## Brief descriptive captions
↓↓↓

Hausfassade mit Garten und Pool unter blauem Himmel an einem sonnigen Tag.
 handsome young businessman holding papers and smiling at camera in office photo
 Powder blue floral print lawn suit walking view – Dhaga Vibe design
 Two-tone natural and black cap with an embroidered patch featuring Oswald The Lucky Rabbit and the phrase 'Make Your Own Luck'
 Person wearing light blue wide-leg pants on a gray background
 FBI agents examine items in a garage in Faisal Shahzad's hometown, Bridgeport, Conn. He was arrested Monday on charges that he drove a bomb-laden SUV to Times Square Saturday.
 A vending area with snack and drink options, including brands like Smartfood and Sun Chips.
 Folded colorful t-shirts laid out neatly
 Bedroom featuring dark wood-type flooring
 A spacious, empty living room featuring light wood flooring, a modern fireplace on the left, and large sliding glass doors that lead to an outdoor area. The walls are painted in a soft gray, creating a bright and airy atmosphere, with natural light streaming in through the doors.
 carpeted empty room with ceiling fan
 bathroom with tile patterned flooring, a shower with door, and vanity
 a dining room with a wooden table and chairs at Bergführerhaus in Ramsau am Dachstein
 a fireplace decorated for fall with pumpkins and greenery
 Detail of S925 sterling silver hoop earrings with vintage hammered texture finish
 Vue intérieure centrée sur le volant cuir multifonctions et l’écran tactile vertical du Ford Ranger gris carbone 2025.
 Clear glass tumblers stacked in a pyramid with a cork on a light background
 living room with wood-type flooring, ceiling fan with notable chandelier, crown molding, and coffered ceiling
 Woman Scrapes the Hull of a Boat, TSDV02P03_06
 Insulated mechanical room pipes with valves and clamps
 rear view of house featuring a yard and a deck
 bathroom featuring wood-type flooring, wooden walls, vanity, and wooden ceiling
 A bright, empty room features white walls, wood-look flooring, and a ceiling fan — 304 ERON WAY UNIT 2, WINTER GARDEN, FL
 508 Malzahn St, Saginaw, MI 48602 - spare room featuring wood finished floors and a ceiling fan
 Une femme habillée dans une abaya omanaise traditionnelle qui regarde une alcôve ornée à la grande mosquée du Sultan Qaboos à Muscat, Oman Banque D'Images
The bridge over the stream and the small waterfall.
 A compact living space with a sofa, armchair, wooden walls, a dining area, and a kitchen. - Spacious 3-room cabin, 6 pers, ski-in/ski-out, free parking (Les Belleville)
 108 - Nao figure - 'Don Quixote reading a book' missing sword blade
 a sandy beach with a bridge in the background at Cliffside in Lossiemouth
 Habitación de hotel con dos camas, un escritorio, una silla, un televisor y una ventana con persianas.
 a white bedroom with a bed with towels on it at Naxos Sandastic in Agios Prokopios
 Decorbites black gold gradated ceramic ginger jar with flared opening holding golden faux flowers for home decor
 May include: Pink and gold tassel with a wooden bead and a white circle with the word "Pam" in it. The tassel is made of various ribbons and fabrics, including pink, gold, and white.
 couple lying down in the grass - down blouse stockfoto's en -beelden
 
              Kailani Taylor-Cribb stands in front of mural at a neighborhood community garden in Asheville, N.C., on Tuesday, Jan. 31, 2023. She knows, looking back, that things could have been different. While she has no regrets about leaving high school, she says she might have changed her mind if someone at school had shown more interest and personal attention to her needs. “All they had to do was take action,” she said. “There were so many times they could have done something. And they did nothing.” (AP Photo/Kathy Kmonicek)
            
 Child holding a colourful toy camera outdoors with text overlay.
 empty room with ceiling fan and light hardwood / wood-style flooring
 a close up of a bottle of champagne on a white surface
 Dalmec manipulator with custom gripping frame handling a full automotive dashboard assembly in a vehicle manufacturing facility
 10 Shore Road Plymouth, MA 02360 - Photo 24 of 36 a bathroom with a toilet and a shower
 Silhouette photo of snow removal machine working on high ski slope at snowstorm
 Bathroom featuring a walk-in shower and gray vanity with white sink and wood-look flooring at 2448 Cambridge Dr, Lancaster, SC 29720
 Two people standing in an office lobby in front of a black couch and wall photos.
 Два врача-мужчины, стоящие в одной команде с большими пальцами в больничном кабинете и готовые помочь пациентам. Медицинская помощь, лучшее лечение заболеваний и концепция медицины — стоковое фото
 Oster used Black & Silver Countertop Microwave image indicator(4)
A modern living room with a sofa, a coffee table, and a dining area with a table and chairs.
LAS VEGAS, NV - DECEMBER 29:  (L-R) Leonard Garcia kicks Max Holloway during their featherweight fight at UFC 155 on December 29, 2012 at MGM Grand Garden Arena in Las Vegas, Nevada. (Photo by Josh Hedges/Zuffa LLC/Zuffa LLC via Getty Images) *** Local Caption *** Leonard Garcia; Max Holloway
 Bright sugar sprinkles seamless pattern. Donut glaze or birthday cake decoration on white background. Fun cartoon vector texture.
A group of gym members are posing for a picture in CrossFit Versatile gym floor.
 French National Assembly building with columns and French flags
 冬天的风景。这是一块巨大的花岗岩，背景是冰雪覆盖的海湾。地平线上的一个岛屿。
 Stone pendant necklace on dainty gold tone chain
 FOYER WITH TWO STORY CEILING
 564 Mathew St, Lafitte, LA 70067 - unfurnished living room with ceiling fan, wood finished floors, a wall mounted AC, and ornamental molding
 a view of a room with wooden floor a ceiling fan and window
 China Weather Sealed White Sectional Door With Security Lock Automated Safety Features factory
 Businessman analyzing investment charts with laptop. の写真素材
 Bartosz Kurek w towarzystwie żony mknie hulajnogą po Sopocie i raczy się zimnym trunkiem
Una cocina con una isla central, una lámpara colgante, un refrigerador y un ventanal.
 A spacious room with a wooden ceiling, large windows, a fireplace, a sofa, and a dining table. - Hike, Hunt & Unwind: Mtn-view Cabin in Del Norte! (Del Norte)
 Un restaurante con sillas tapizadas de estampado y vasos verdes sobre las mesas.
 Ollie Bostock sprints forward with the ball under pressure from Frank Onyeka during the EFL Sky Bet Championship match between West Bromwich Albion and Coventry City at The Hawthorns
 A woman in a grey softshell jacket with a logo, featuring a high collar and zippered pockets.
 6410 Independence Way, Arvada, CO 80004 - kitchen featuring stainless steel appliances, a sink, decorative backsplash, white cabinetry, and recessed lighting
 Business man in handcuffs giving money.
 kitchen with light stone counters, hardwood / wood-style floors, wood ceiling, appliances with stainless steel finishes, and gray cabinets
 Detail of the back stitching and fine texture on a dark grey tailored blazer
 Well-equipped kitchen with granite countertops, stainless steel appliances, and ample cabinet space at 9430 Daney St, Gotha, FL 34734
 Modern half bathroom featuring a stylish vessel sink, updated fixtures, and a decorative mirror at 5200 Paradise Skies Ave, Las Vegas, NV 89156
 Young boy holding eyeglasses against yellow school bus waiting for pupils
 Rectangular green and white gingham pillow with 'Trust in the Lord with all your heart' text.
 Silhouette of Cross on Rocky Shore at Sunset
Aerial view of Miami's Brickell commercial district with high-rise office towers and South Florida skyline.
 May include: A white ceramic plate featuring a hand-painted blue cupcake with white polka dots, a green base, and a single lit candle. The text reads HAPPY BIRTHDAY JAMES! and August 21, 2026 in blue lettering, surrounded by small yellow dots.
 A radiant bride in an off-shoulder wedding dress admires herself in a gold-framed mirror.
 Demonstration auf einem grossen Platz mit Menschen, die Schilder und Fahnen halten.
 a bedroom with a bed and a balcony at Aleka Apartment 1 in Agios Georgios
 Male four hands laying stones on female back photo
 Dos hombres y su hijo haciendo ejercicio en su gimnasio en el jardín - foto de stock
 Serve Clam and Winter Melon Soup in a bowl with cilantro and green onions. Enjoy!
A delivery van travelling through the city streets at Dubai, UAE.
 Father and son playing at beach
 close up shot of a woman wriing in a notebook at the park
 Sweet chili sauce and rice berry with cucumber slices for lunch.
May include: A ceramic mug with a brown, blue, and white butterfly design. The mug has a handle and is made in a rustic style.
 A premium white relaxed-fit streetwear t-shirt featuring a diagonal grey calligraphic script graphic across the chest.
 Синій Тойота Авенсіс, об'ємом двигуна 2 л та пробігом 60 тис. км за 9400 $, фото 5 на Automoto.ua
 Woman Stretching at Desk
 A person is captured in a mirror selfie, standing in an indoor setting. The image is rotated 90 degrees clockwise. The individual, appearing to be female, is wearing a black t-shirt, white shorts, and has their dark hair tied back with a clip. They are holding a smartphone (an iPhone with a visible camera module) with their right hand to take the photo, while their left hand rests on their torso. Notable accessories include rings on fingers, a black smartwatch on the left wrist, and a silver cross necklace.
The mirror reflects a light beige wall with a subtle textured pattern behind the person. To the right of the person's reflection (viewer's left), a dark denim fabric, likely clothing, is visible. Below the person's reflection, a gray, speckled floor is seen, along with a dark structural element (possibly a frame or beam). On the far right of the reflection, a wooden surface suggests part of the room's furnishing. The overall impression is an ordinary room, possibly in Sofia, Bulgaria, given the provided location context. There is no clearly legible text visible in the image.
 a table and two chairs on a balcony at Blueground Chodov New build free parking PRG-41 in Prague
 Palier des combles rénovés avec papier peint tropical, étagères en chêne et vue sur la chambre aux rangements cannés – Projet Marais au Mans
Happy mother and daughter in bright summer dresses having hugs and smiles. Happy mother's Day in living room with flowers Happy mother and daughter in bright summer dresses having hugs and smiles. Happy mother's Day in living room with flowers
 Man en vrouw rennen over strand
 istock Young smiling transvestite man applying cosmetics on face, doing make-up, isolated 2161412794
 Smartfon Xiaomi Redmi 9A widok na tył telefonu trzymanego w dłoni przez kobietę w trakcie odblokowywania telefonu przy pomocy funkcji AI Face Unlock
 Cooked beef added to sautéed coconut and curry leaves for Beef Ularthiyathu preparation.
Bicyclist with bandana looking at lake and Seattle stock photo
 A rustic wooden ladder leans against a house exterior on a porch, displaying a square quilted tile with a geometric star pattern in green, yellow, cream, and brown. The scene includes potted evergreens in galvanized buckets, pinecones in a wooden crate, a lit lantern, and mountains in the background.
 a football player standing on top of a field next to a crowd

↑↑↑

## YOUR INSTRUCTIONS
All lines in the data above from the one with "Young boy holding" through the one with "Aerial view of" must be repeated exactly, and no others.

## RESPONSE TO THE EXERCISE
 Young boy holding eyeglasses against yellow school bus waiting for pupils
 Rectangular green and white gingham pillow with 'Trust in the Lord with all your heart' text.
 Silhouette of Cross on Rocky Shore at Sunset
Aerial view of Miami's Brickell commercial district with high-rise office towers and South Florida skyline.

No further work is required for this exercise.